|Dimensions||6000μm x 5350μm|
For high-voltage high-current power converters, it may be necessary to realize a switch by connecting smaller devices in parallel and series. Beyond higher voltage and current capability, this approach also helps to achieve high availability, high-frequency operation, and low cost due to built-in redundancy, reduced dynamic losses, and the use of modular standardized units. Insulated Gate Bipolar Transistors (IGBTs) are very convenient to realize such units because of their quasi-linear controllability via a gate terminal.
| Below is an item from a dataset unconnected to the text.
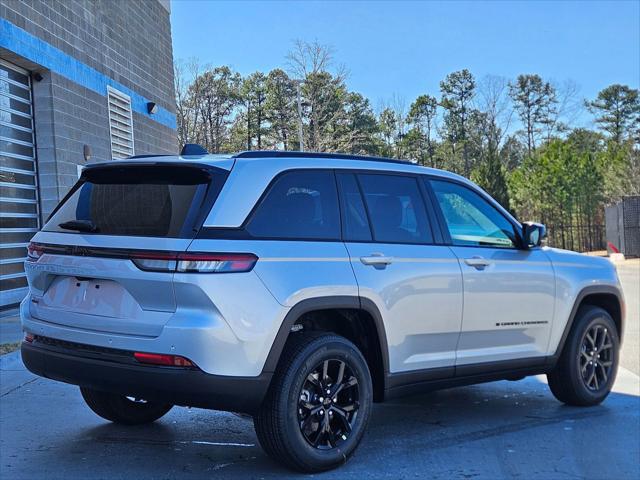 2025 Jeep Grand Cherokee Altitude X photo 2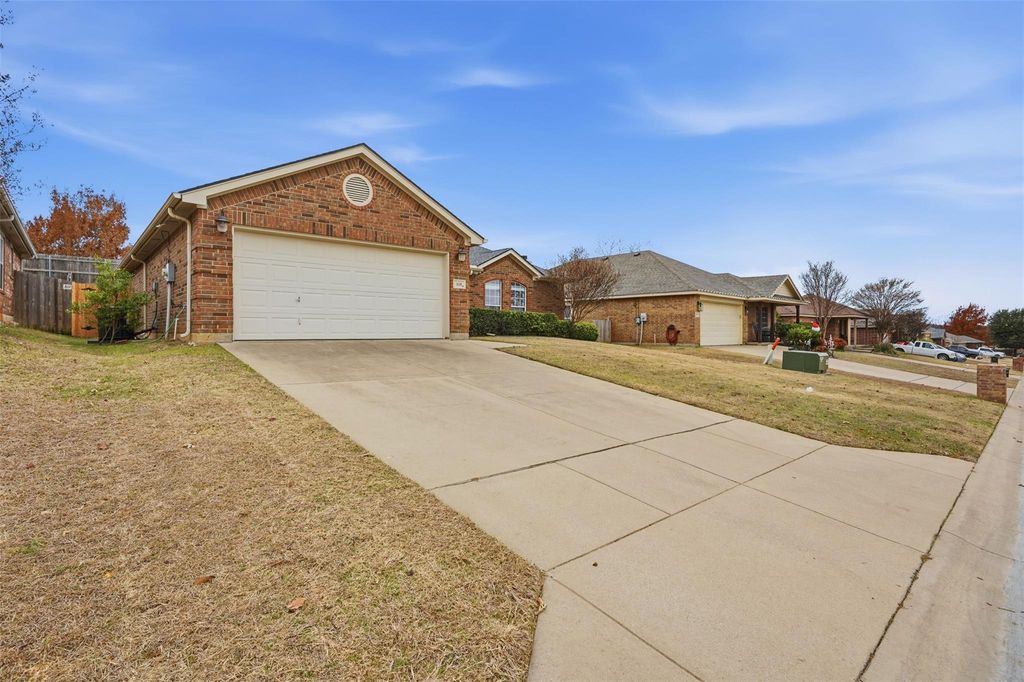 Photo of 115 Pony Express Trail, Willow Park, TX 76087 (MLS # 81947231)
In this project it has been proposed to provide each IGBT driver with a primary local control which is monitoring and adjusting the IGBT?s static and dynamic behavior. Secondary control is then realized to synchronize the operation of multiple IGBTs. The discovery of a globally synchronous signal, that can be derived locally, makes it possible to use low-cost low-bandwidth data links between series-connected units. Furthermore, a flexible master-slave approach can avoid the need of a dedicated global controller. That is, the entire system becomes manageable by the local gate drive circuitry.
A prototype ASIC has been fabricated in CMOS technology with high-voltage extension. The gate driver is partitioned into fourteen clusters with a measured gate current capability of 1A each. It allows for real-time reconfiguration of the structure to optimize the dynamic response of the system.